There's been a pretty good discussion over at Crimespace this week about whether modern heroes had to be flawed, and how flawed they should be. This is my response.
A Twenty-First Century Hero
My mouth tasted like a dirty sock. The clock on the wall showed 11:30. Insufficient information. I pulled back a curtain. Sunlight blinded me. Eleven-thirty AM, then. Not bad after last night.
An empty bottle of Jack Daniel’s skidded across the floor when I stood from the Barcalounger. Another on the coffee table. I rubbed my scalp. One of those was over half empty when I started. No wonder I was up early.
I shuffled to the bathroom. My head felt like Laurence Olivier was drilling into my skull. Is it safe? Someone had lipsticked a note on the mirror.
You’re an asshole. Fuck off and die.
Could be Carol. Or Christie. They were both here last night. Only one of them was supposed to be. The other one was pretty pissed when she found us together. Carol, I think. Or Christie. Probably Carol. Christie dots her I’s with little hearts. I could call them both if I really wanted to know. Or I could play it safe and call Michelle.
I did a couple of lines off the toilet lid and brushed my teeth with the residue to clear my head. I had to go to my Old Man’s place. I hated him ever since the first time he crawled into bed with me. Said he wanted to make sure I wasn’t cold. I was nine and it was July. I avoided him when I could, but he said he had some of my money. He’d want something, sure, but an asshole’s money spends like anyone else’s.
The door was open when I got there. A bad sign for a guy with that many people who wanted a chunk of his ass. He usually piled empty beer cans in the doorways when he slept.
I found him in the kitchen. Blood and brains covered his face. One look at him and I was back in the jungle. Choppers overhead. Death cards and Wagner and the smell of napalm in the morning. First flashback I’d had in over a year. Thanks, Dad.
Not much I could do for him with brain on his face. He’d said there was money and knew better than to lie to me about it. I searched the whole place. Nothing but change.
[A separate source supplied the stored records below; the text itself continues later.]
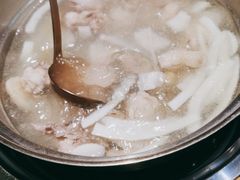 -椰夫人·养生椰子鸡(金沙洲永旺店)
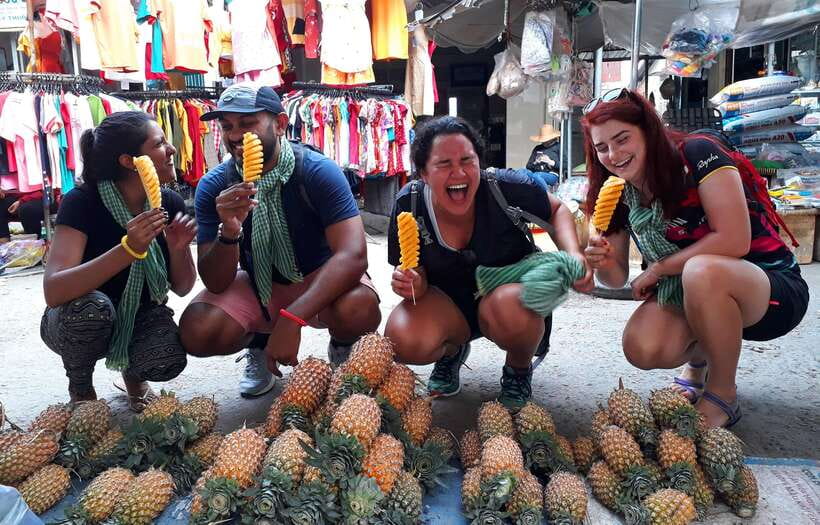 From Ho Chi Minh: 2-Day Mekong Delta to Phnom Penh by Boat - Who this trip suits best, and who should skip it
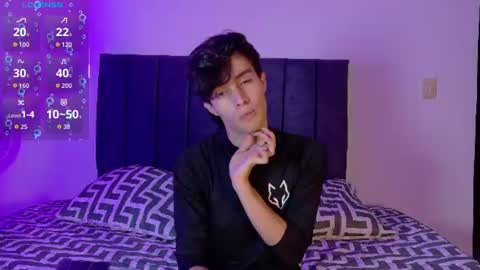 Snapshot of axxxel_twink chatting on July 16, 2:28 am Axxxel online show from July 16, 2:28 am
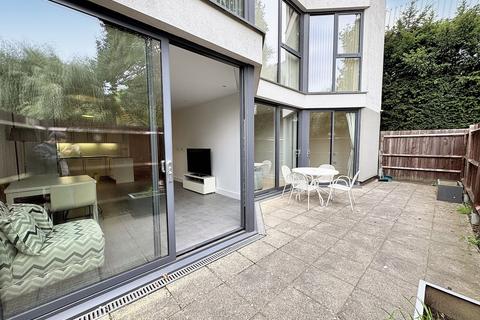 undefined, Edgwarebury Lane, Apollo Court, HA8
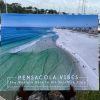 Pensacola Vibes Coffee Table Book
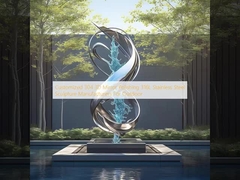 Speicherpolieren aus Edelstahl 316L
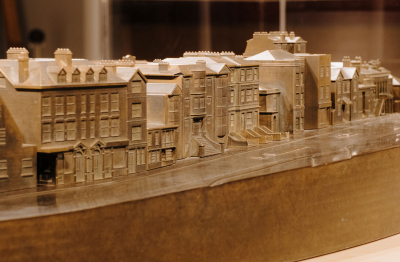 Model of Tunbridge Wells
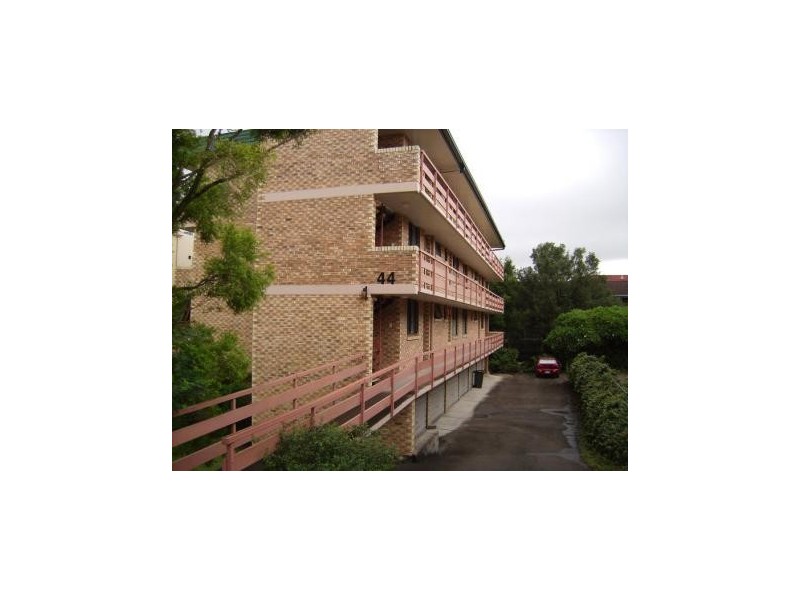 4/44 Station Road, Indooroopilly QLD 4068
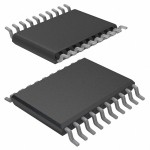 STM32F042F4P6TR参考图片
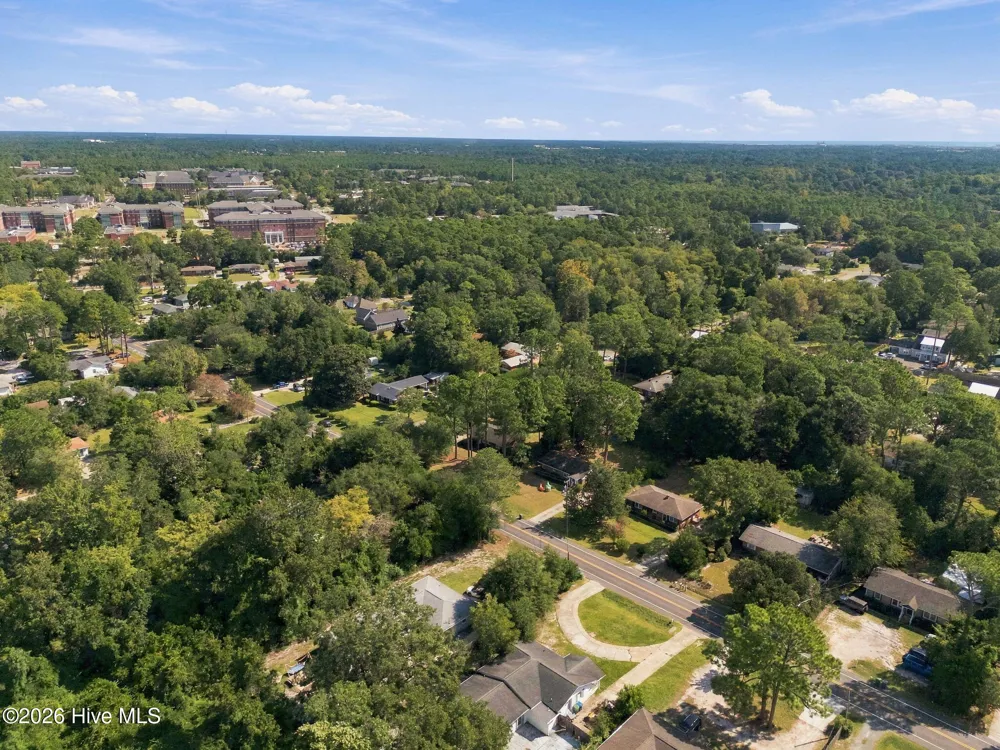 232 Wood Dale Drive Wilmington, NC 28403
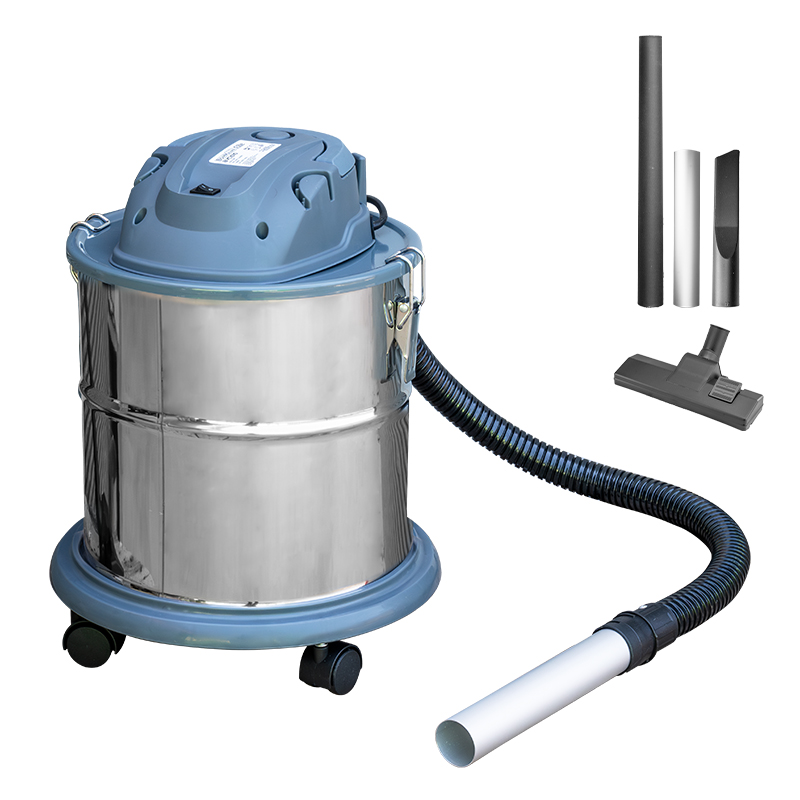 BORMANN ELITE Ηλεκτρική Σκούπα Στάχτης BVC1010 Elite (036265)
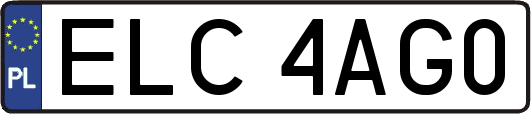ELC4AG0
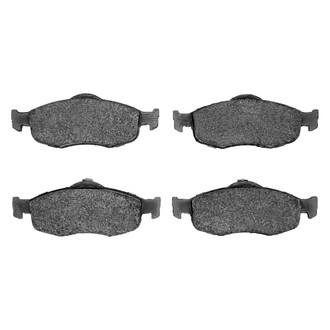R1 Concepts® - Semi-Metallic Series Brake Pads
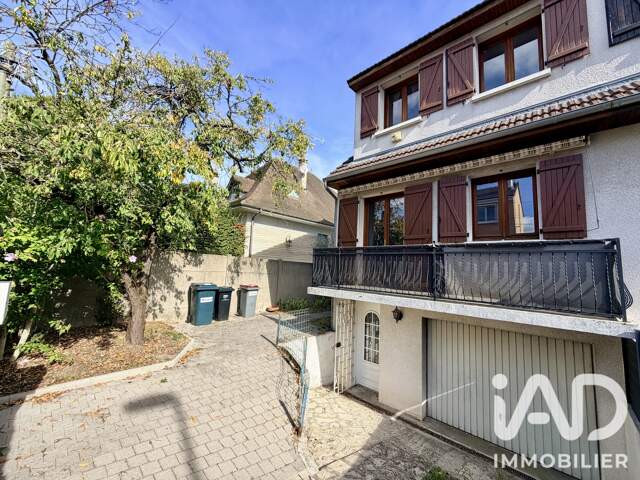 Vente Maison/villa 4 pièces — photo du bien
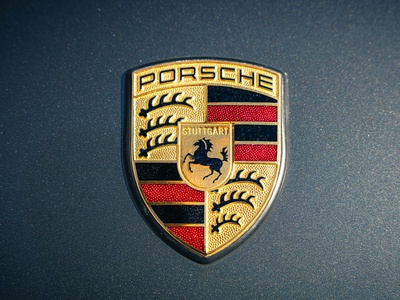 Porsche 911 (G-Series)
I gathered up what booze he had and snagged the plastic ring of a six-pack with my finger. Didn’t worry about prints. I was his loving son, could have been there any time. Besides, whichever chick didn’t leave the note would alibi me.
Walking out I saw one thing didn’t belong. A baseball hat on the kitchen table. “Big Ass Fans,” it said, with some jock’s autograph. Whitey Purcell’s hat.
I found Whitey in Fat Jimmy’s Lounge, buying drinks with a good-sized roll. I strolled over and sat next to him.
“Buy me a drink.”
“Buy you a drink? I don’t like you any better than I like your old man.”
“Yeah, but you ain’t—asshole!—killed me yet. Dick face!” My Tourette’s acted up sometimes when I was stressed. Or drinking. Or using drugs or not taking the medication.
Whitey turned the color of his name, looked straight ahead. “What are you talking about?”
“Where’s that hat you—cocksucker!—like so much, Whitey. You know, Big Ass—fuck! Shit!—Fans?”
His hand touched his head before he could stop it. “It got dirty. I threw it out.”
“No, you didn’t. Needle dick! You forgot it at my old man’s. How much you—motherfucker!—take off him?”
Whitey stared into his beer. “How much you want?”
“All of it. Shit!”
He took the roll from his shirt pocket. Laid it on the bar with his hand over it. “What does this buy me?”
“You were with me—ball licker!—whenever you need to be when they ask about the hat.”
I gestured to the bartender for another round for Whitey and the same for me. “You think they’ll suspect you if the grieving—ass!—son—dick!—is seen drinking—fuck!—with you all day? And gives you an—suck my dick!—alibi? That old bastard owed us both.”
The bartender brought us each a bump and a beer. I lifted my shot glass to Whitey. “Drink up.”